Start of Material for this task

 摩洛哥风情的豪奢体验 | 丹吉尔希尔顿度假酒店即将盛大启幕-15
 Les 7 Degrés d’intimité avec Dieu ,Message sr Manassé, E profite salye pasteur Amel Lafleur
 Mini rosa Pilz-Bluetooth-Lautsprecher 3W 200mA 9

End of Material for this task
Start of Material for this task

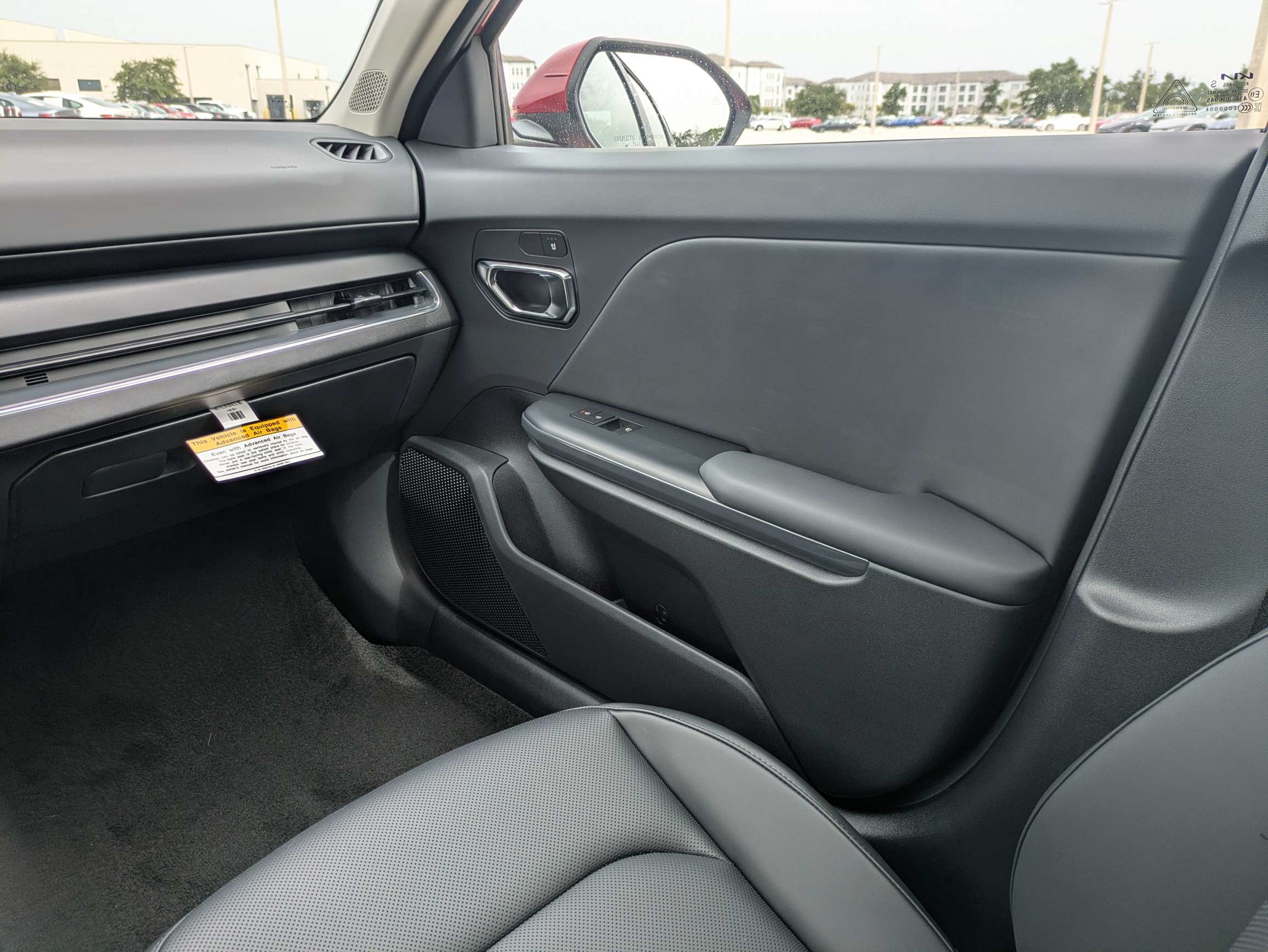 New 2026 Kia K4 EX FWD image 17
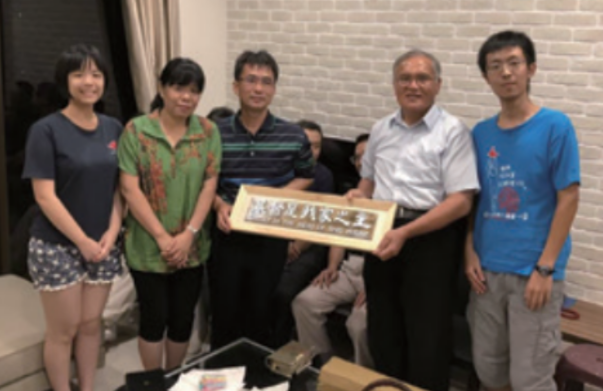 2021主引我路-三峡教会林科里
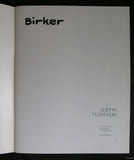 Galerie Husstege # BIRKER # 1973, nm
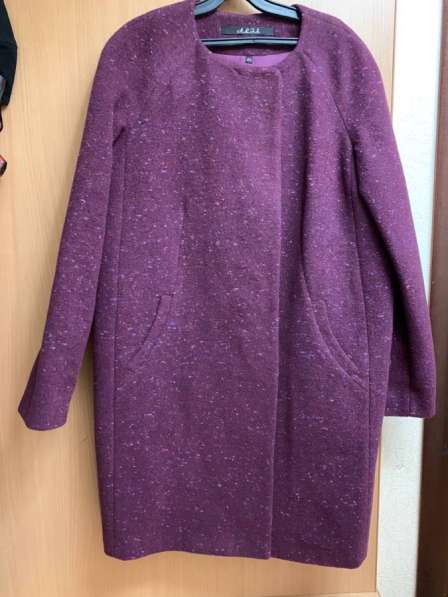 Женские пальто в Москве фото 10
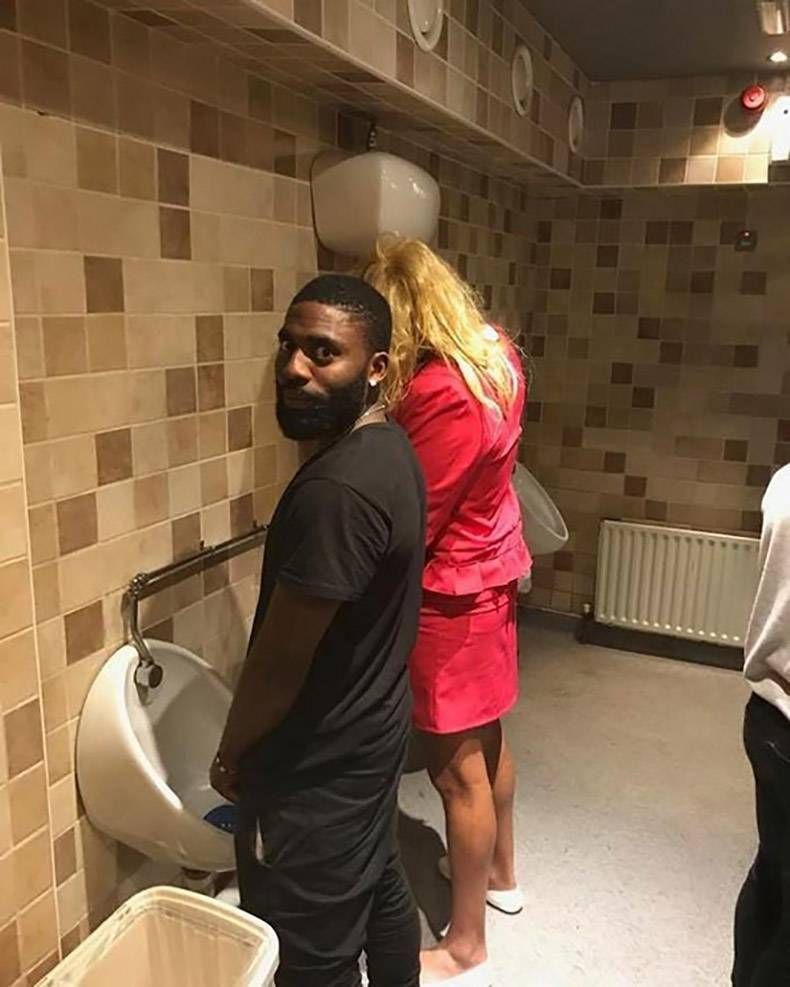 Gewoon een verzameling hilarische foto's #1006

End of Material for this task

Work instructions:
From the entries above, write out only the lines starting at the line that holds "Les 7 Degrés" and ending at the line that holds "Mini rosa Pilz-Bluetooth-Lautsprecher", keeping both and matching them exactly.

Solution to the problem:
 Les 7 Degrés d’intimité avec Dieu ,Message sr Manassé, E profite salye pasteur Amel Lafleur
 Mini rosa Pilz-Bluetooth-Lautsprecher 3W 200mA 9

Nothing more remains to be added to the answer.